The reply must contain exactly the lines below from the one with "Штампованные диски R14 4:98" down to the one with "Green Bay Packers", both included, and nothing more; please omit the pictures.

[MATERIAL TO PROCESS — start]

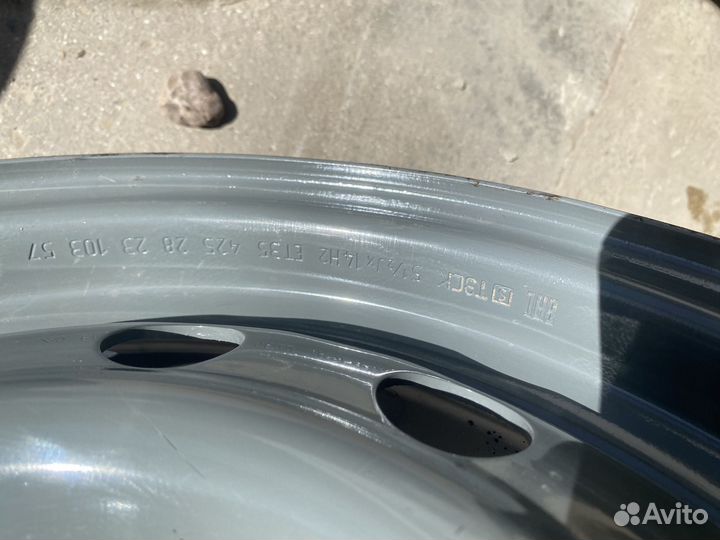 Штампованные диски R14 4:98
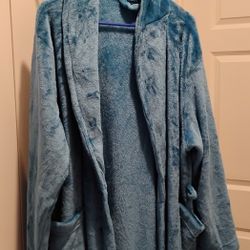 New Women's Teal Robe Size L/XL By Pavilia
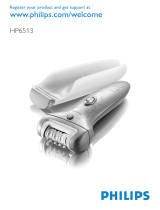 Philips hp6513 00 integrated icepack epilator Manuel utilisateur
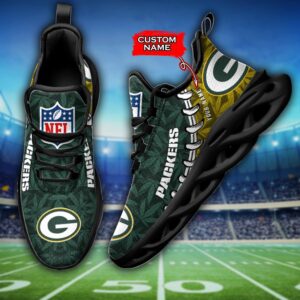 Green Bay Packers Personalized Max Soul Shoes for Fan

[MATERIAL TO PROCESS — finish]
[MATERIAL TO PROCESS — start]

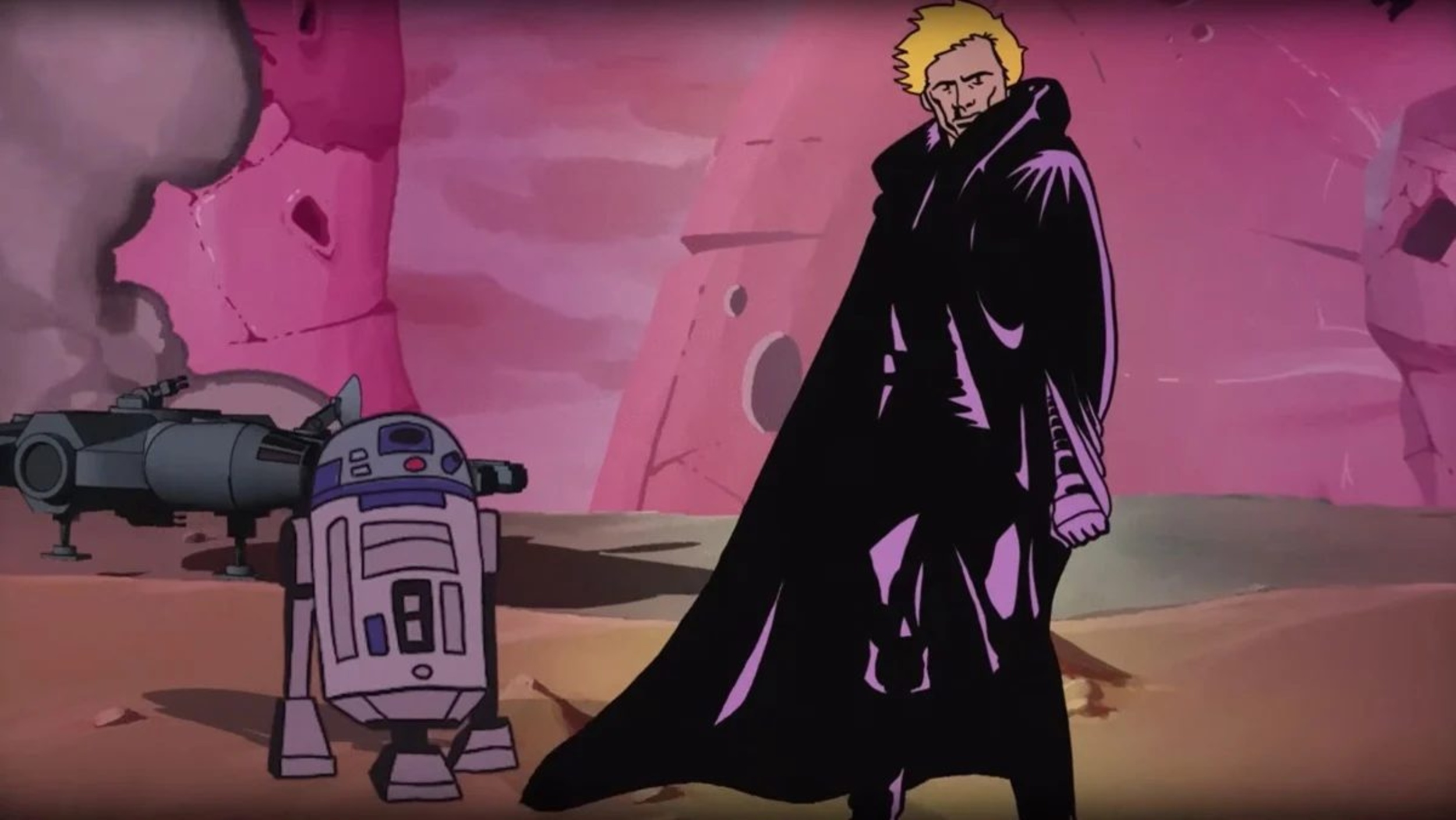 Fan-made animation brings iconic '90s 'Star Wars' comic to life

[MATERIAL TO PROCESS — finish]
[MATERIAL TO PROCESS — start]

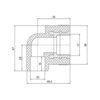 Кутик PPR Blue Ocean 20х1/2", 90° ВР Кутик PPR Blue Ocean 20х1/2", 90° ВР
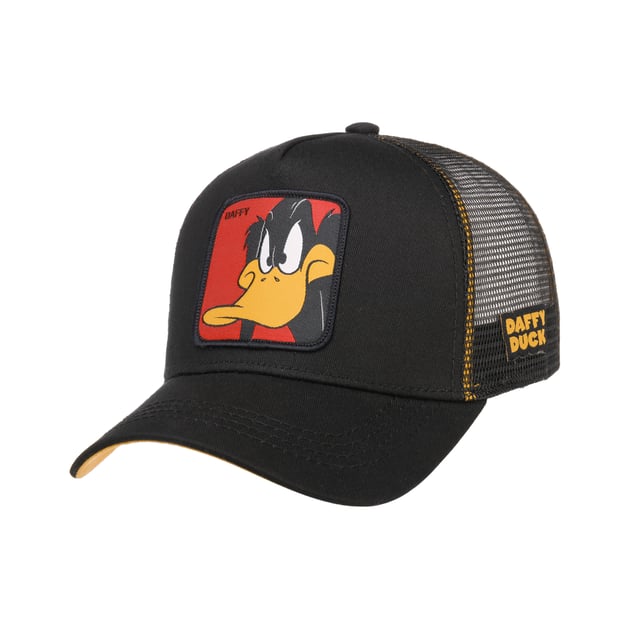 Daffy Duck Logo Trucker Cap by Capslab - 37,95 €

[MATERIAL TO PROCESS — finish]

# OUTPUT OF THE TASK
 Штампованные диски R14 4:98
 New Women's Teal Robe Size L/XL By Pavilia
 Philips hp6513 00 integrated icepack epilator Manuel utilisateur
 Green Bay Packers Personalized Max Soul Shoes for Fan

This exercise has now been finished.